Malia Obama’s Nike Ad Faces Plagiarism Claims from Indie Director
  • PublishedMay 17, 2025

So here’s a low-key wild one—Malia Obama’s latest Nike spot is under fire for looking just a tad too much like an indie short film. Indie filmmaker Casey Johnson is sounding the alarm after spotting “shockingly similar” visuals, pacing, and voiceover in Nike’s new campaign. According to Johnson (Variety, April 2024), her 2022 short “Everyday Champions” features slow-motion montages of neighborhood athletes, close-up reaction shots, and an uplifting narration about small-town grit. Nike’s 2024 ad mirrors almost every beat: the same handheld camera angles, identical beat drops, and an inspiring voiceover that reads as if lifted verbatim.

Johnson says she sent a cease-and-desist letter to Nike’s legal team and to Malia’s production outfit, Obama Media Co., on April 10. She claims her work was registered with the U.S. Copyright Office in late 2022 (U.S. Copyright Office records) and that multiple shots line up frame for frame with the major-brand commercial. “I poured my heart into showcasing athletes who rarely get the spotlight,” Johnson told The Hollywood Reporter. “Watching it replayed on prime-time felt less like flattery and more like a duplicate.”

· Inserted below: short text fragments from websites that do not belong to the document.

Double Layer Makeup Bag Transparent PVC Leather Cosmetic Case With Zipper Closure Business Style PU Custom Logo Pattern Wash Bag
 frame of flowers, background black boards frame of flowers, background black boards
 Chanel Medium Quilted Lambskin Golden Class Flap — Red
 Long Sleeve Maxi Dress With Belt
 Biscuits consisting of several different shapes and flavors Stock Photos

Nike, for its part, insists there was no single source of inspiration. A spokesperson told the New York Post that “Nike’s creative process involves many voices and an in-house team working from scratch. We respect original creators and review such claims seriously.” Meanwhile, a rep for Obama Media Co. noted that Malia Obama was one of several producers on the project and that the ad drew on broad athletic archives and public-domain footage.

Legal experts say these cases hinge on striking similarities in composition, music cues, and narration cadence (Entertainment Law Review, May 2024). If Johnson can prove access and near-identical elements, she has a solid infringement claim. But if Nike shows their footage was shot independently or that the common tropes are generic, the case could stall.

Public reaction has been split on social feeds. Some cheer Johnson’s fight for indie creatives. Others shrug, calling it “copycat culture” at its finest. Either way, the kerfuffle threatens to overshadow Nike’s push for inclusivity in sports—and to spark tougher questions about how big brands source their “authentic” stories.

So yeah, that’s the gist. Let’s see if Johnson scores a legal slam dunk or if Nike dodges this one like a pro. Don’t say you weren’t warned.